In the District’s fiscal year 2020 budget, which officials will finalize next spring, the activists are asking for $35.5 million in investments in service-enriched affordable housing programs, including permanent supportive housing. The Way Home says this amount of funding would cover 1,140 individuals and 177 families, although the campaign notes that it may add to its demands in the coming months based on community feedback. Fiscal year 2020 begins on Oct. 1, 2019. Every year, the mayor proposes a budget and the D.C. Council makes changes.

Last year, The Way Home explains, 45 people died while experiencing homelessness in D.C., “many from treatable and preventable diseases such as cancer, heart disease and diabetes.” In 2016, the count was more than 50. The campaign estimates that there are currently more than 4,100 individuals living without a home in the District. Of them, seven in 10 are people of color. Individuals considered “chronically” homeless, the most vulnerable, are those who have lacked housing for more than a year and have a disability or a serious health condition.

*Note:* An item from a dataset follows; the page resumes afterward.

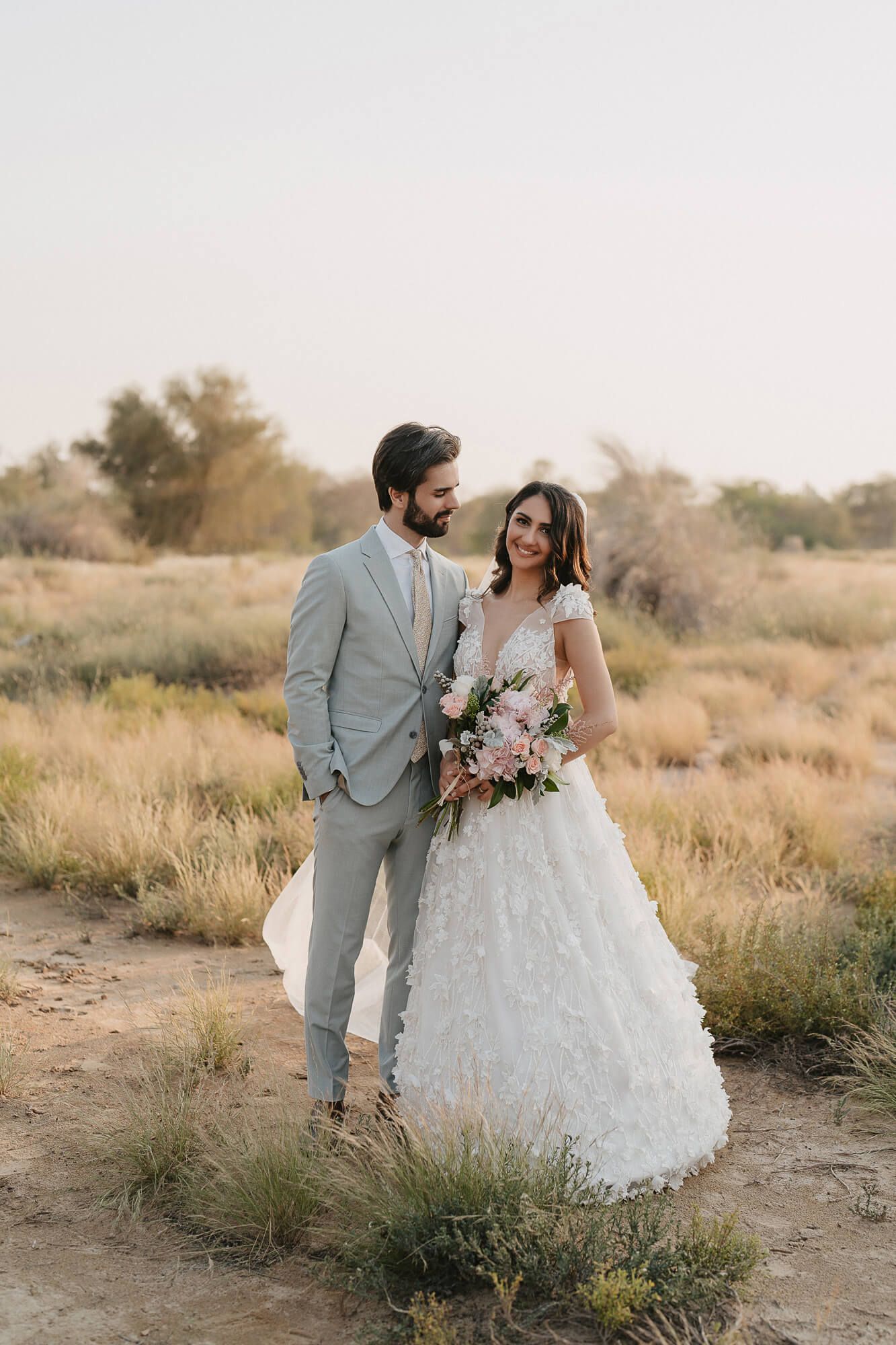 A couple in wedding attire poses together against a desert landscape with golden grasses at sunset.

In addition to these single, unhoused people, The Way Home estimates that there are nearly 2,300 families in D.C.’s shelter system, which includes hotels used as overflow space, and in rapid rehousing, a program that provides rental subsidies for private units for around a year. The campaign notes that its demand of $35.5 million in investments is less than one half of one percent of D.C.’s overall budget, which is roughly $14.5 billion in the current fiscal year.

In related news, the Council last week voted to direct new revenue from online retail sales taxes toward commercial property tax breaks over affordable housing and other priorities.

a screenshot of a cell phone© The Way Home
The Way Home’s recommendations for D.C.’s fiscal year 2020

This post has been updated with a more recent estimate by advocates of the 2018 death toll.